Friday, July 22, 2011

Hypergraphia and Illustrated Manuscripts

Voynich Manuscript

The Voynich manuscripts are believed to be written between 1404 and 1438. I was searching for information on graphology and hypergraphia when I came across them and I was amazed at how contemporary they look. 

By comparison, here is a page by Jane LaFazio, a celebrated local artist and teacher:

Sample journal page, Jane LaFazio from her web page
And another by Vivian Swift, author:
Vivian Swift, from "When Wanderers Cease to Roam" page
The Voynich book has been described as "the world's most mysterious manuscript". Illustrated journals fascinate me. It's all I can do to get words on paper - how some extremely talented people have the ability to not only write but to decorate each page as they go is beyond me.

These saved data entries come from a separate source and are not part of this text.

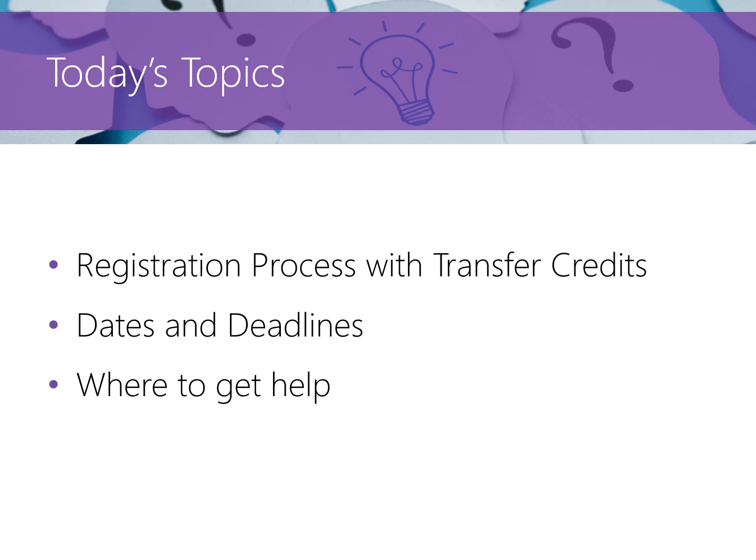Today we will be talking about the registration process for new first year students, what block schedules are, important dates and deadlines, and where you can go for help. If you are a student with advanced standing, that means you've previously completed credits that may count towards your engineering program. Because the first year blocks will automatically include all of your mandatory first year courses aside from electives, you may need to make some changes so that you do not repeat courses you've already received credit for.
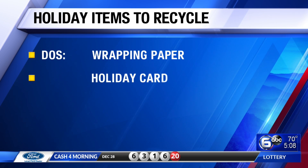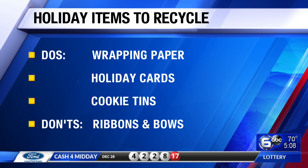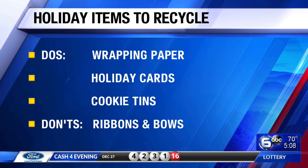You can also recycle everything from wrapping paper to holiday cards and cookie tins. You just take them to a recycling drop-off center in Knoxville, or if you're inside the city limits, they can be recycled in a curbside cart.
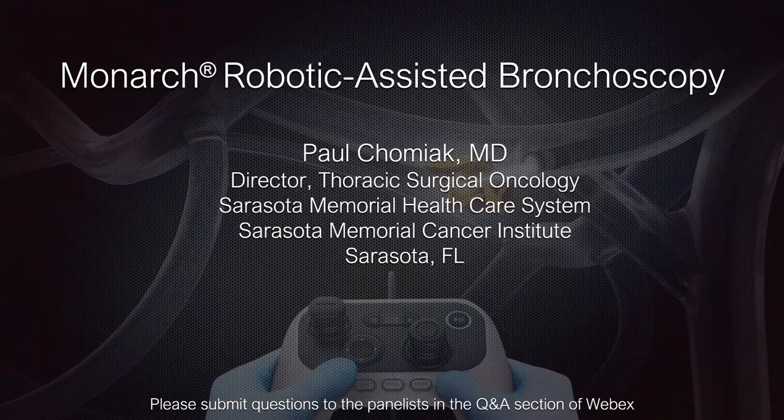Good afternoon or good evening, depending on what part of the country you hail from today. I have a few disclosures and there's some legalese on behalf of Horace.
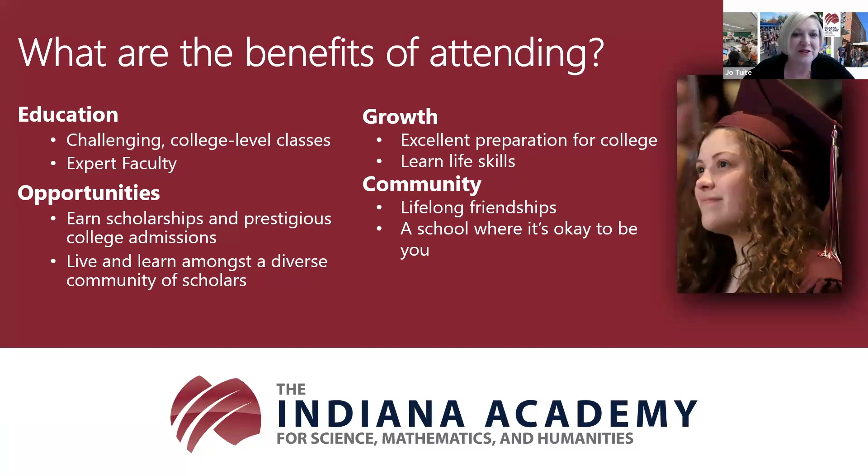Sydney's experience is one that many of our students share—earning significant college credit here gives them a jump start at college. Some students use that to graduate early, while others use it to earn additional majors or minors. I spoke with an alum last weekend who started college as a junior because he had earned so many college credits at the academy, but graduated in four years because he chose to earn three majors and five minors.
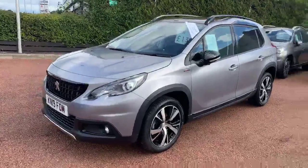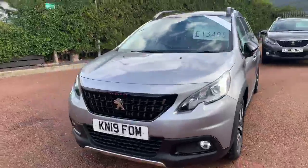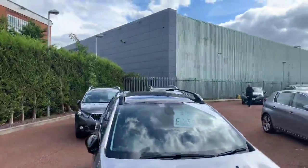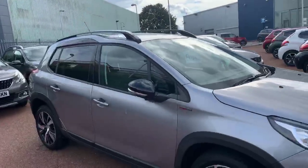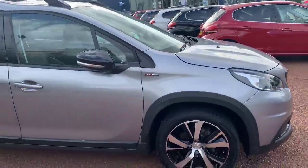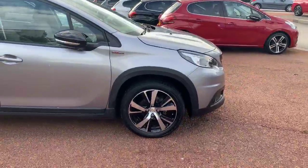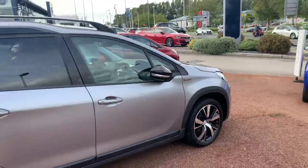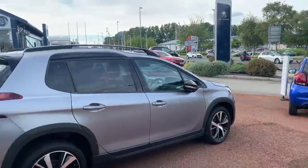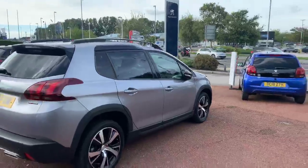You've got the lovely black grille, black diamond roof which does have a glass roof as well, and black colour-coded mirrors. This particular one is the 1.5 100 diesel — it's the BlueHDi — it's very economical and should be getting somewhere in the region of 60 to the gallon, providing you don't drive like a loony bin.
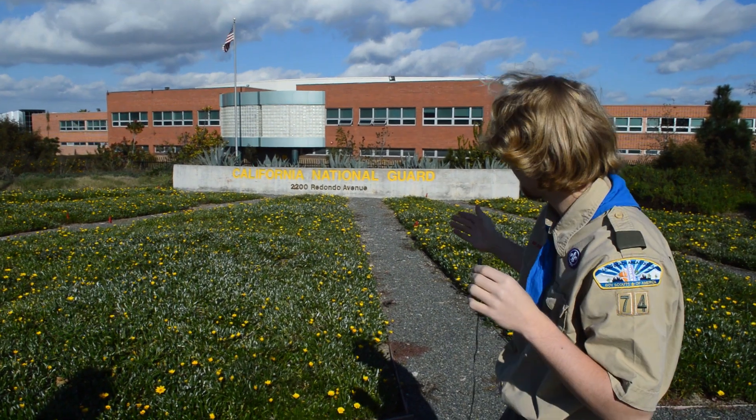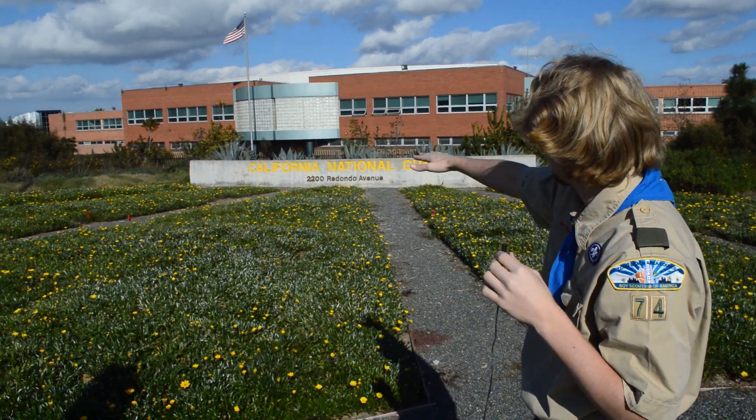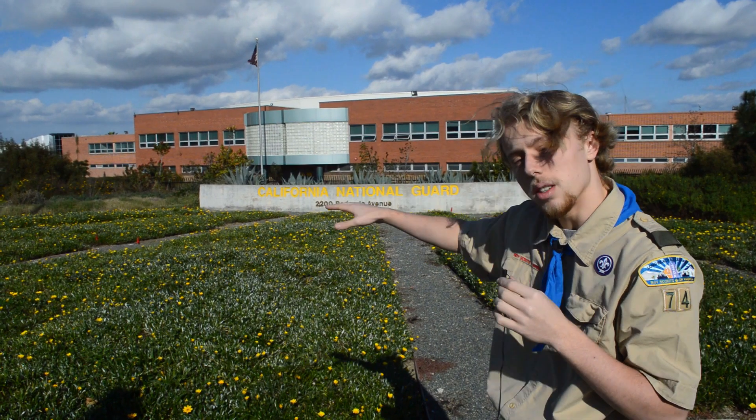Hi, my name is Jay Novanski, and I'm at the California National Guard base on Redondo and Stearns. I'm going to be doing my Eagle Scout project here. You can see there's a fence that comes along the border of this base. Originally there was a trail here that got blocked off. Now, as an Eagle Scout, I'm doing my project by creating a trail that runs along this fence.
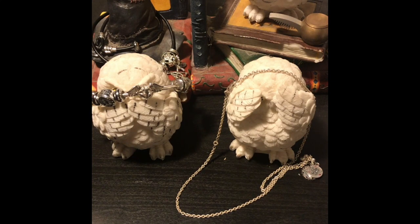Hey guys, welcome back to another video. I just wanted to show you the new charms that I got from Pandora and kind of everything that I've been working on design-wise and just a couple of new pieces that I've got in the past few months.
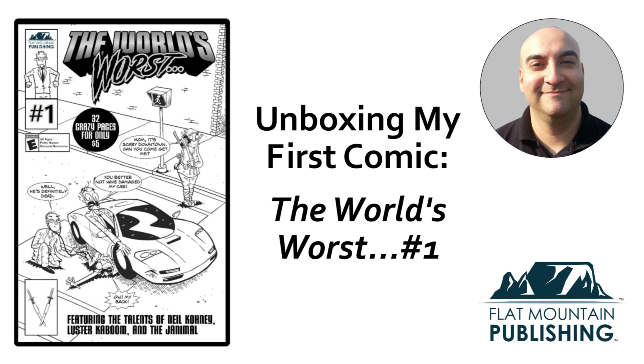Hey everyone, my name is Saurabh Rezvan. I'm an Arizona-based author and publisher. I focus on children's books, comics, and graphic novels. I'm also co-writing my first D&D campaign for kids.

One of the many interesting things about this journal is that nobody has been able to translate it. The language is not known and no one can break the code if it was written in code. One can infer from the illustrations what various sections are about.  From Wikipedia: The book is named after the Polish-Lithuanian-American book dealer Wilfrid M. Voynich, who acquired it in 1912. The Voynich manuscript is owned by the Beinecke Rare Book and Manuscript Library of Yale University, and is formally referred to as "Beinecke MS 408". The first facsimile edition was published in 2005.[5]  It's now owned by Yale University. 

Voynich Manuscript

Voynich Manuscript

Voynich Manuscript

Voynich Manuscript

Finally, I found my way to information on Hypergraphia. What is it? From Wikipedia: Hypergraphia is an overwhelming urge to write. It is not itself a disorder, but can be associated with temporal lobe changes in epilepsy and mania in the context of bipolar disorder.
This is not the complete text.